Department of Medicine, Recanati Miller Transplant Institute and Immunology Institute, Mount Sinai School of Medicine, Box 1243, One Gustave L. Levy Plaza, New York, NY 10029, USA.
Immunol Res. 2012 Dec;54(1-3):247-53. doi: 10.1007/s12026-012-8327-1.
Results of studies published since 2002 reveal that T cells and antigen-presenting cells (APCs) produce complement proteins. The immune cell-derived, alternative pathway complement components activate spontaneously, yielding local, but not systemic, production of C3a and C5a. These anaphylatoxins bind to their respective G-protein-coupled receptors, C3aR and C5aR, expressed on both partners. The resultant complement-induced T cell activation and APC activation drive T cell differentiation, expansion and survival. Complement deficiency or blockade attenuates T cell-mediated autoimmunity and delays allograft rejection in mice. Increasing complement activation, achieved by genetic removal of the complement regulatory protein decay-accelerating factor, enhances murine T cell immunity and accelerates allograft rejection. The findings support the need for design and testing of complement inhibitors in humans.

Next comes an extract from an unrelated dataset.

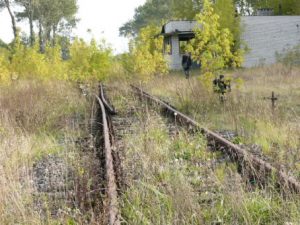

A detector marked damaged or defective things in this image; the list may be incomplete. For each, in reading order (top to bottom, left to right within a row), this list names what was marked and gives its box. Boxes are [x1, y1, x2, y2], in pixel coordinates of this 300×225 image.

rusty rail [95, 89, 120, 225]
rusty rail [132, 84, 300, 193]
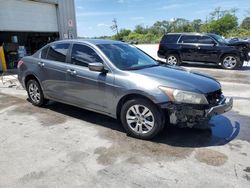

自 2002 年以来发表的研究结果表明,T 细胞和抗原呈递细胞(APCs)会产生补体蛋白。免疫细胞衍生的替代途径补体成分会自动激活,导致局部而非全身产生 C3a 和 C5a。这些过敏毒素与各自的 G 蛋白偶联受体 C3aR 和 C5aR 结合,这些受体在两者中均有表达。由此产生的补体诱导的 T 细胞激活和 APC 激活驱动 T 细胞分化、扩增和存活。补体缺陷或阻断会减弱 T 细胞介导的自身免疫,并延迟小鼠同种异体移植物排斥。通过遗传去除补体调节蛋白衰变加速因子来增加补体激活,可增强小鼠的 T 细胞免疫并加速同种异体移植物排斥。这些发现支持在人类中设计和测试补体抑制剂的必要性。